Pujols: The best in the game?
The following players are ranked as if a general manager were able to start a team with any first baseman he wanted, without any salary considerations. This team would then be dismantled after the 2012 season ended.
As a result, the players’ salaries and potential in future seasons are not considered. However, defense and baserunning are included in the evaluation of the players. These are not fantasy rankings.
Despite him recording the worst season of his career in 2012, Pujols’ reign as the top first baseman in baseball will continue for at least one more year. Keep in mind, Pujols’ “worst” season was still a top-five season among first basemen.
There is reason to believe that Pujols' numbers were down last year due mostly to luck, as opposed to any skill degradation.
Throughout his career, balls have landed for a hit 31.1 percent of the time when put in play. Last season, this was at a career-low 27.7 percent. Uncharacteristically low batting averages on balls in play are generally assumed to be due to bad luck. It is safe to assume that his fortunes, along with his numbers, will rebound in 2012.

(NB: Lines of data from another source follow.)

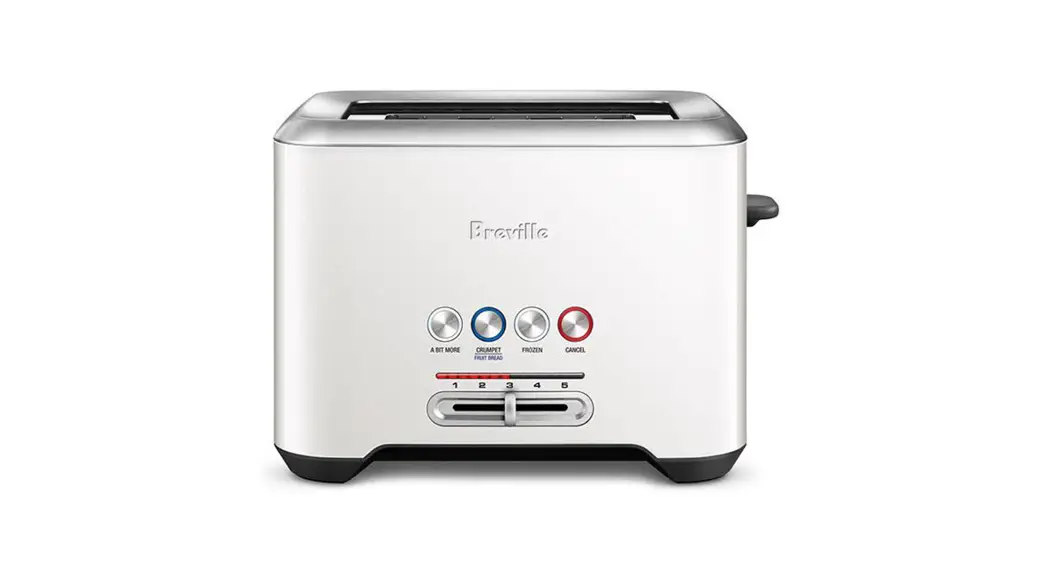 Breville Bta720 Lift And Look Pro 2 Slice Toaster Instructions Breville Bta720 Lift And Look Pro 2 Slice Toaster Instructions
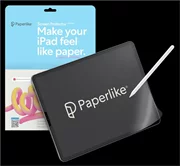 Película Paperlike para iPad Air 11" 2024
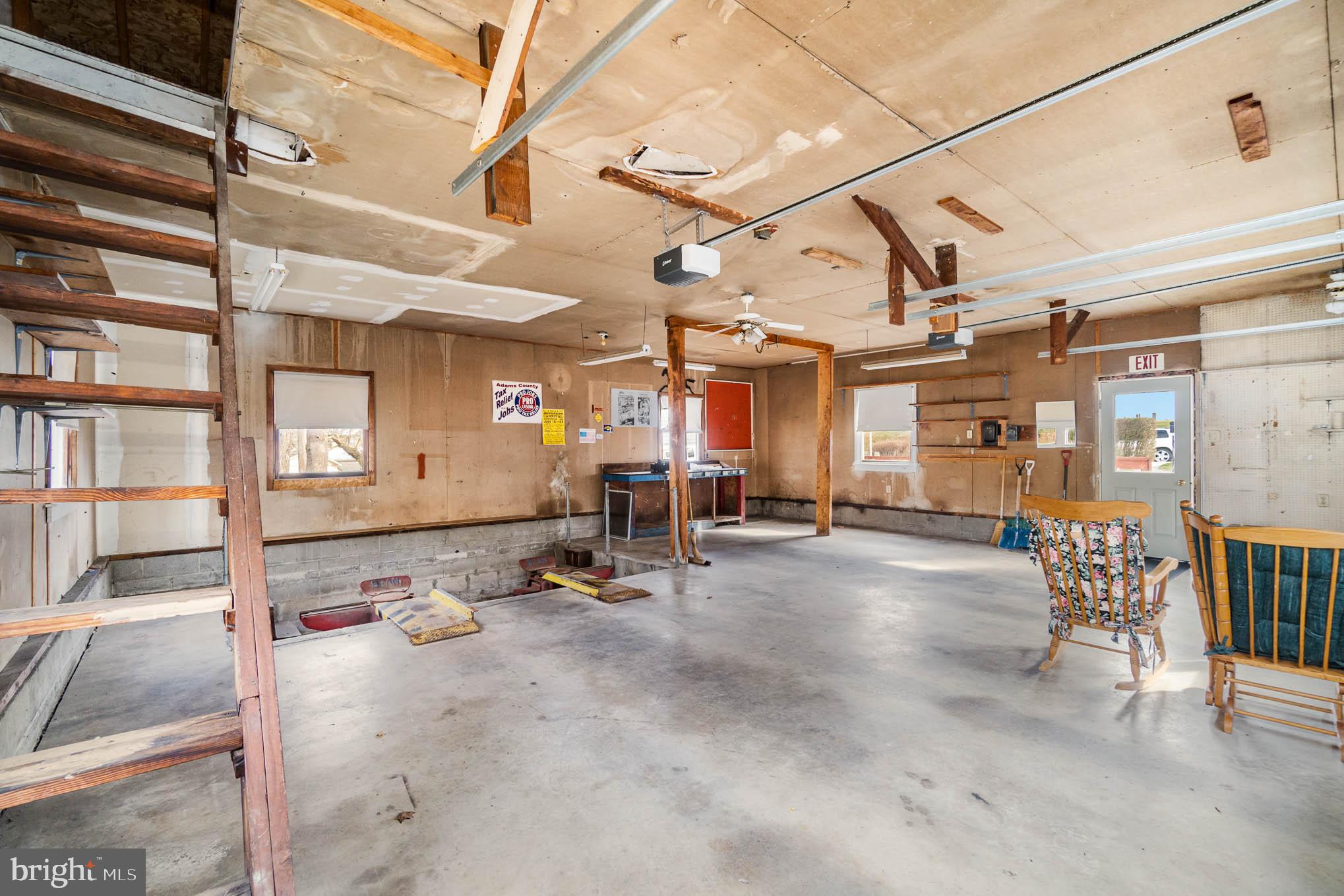 181 Cemetery Street Littlestown, PA 17340 - Photo 17 of 29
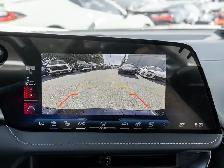 2026 Chevrolet Corvette 3LZ - Photo 24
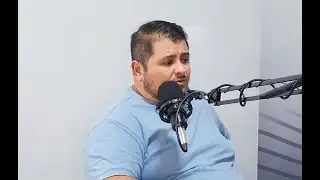 Com votação expressiva a estadual, foco é Alego, mas vereador não descarta Prefeitura de Aparecida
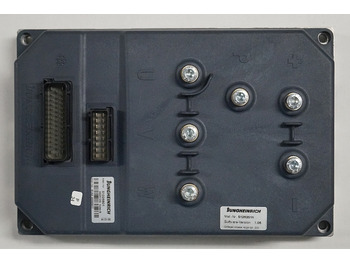 Единица за контрола JUNGHEINRICH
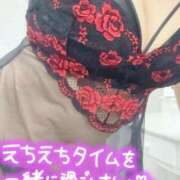ヒメ日記 2026/10/10 23:37 投稿 あやめ モアグループ南越谷人妻花壇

At the age of 32, Pujols already has a Hall-of-Fame career under his belt. He has arguably been the best position player in the game since 2003. His value to the Cardinals was recognized with three MVP trophies and four runner-up finishes.
Judged on offense alone, there are a few other first basemen that would have a case for the top spot in this ranking. When his Gold-Glove defense and intelligent baserunning are considered, Albert Pujols stands unchallenged atop the rest.
The last two seasons have solidified the Reds' Joey Votto as one of the top five position players in the National League. The 2010 season was his coming-out party on offense, with a league-leading 1.024 OPS. For context, that is the same OPS that Sammy Sosa posted in his magical 66-home run campaign of 1998.
Joey Votto is more than just a great offensive player.
Last year, his strong glove work was recognized with his first Gold Glove award. Votto's all-around value, along with no major injuries in his career, separate him from the next two sluggers on this list, who are his equals at the plate.
Adrian Gonzalez’s value at the plate has been outstanding for years. His three Gold Gloves attest to his defensive prowess. Yet he ranks below Joey Votto on this list due to one red flag.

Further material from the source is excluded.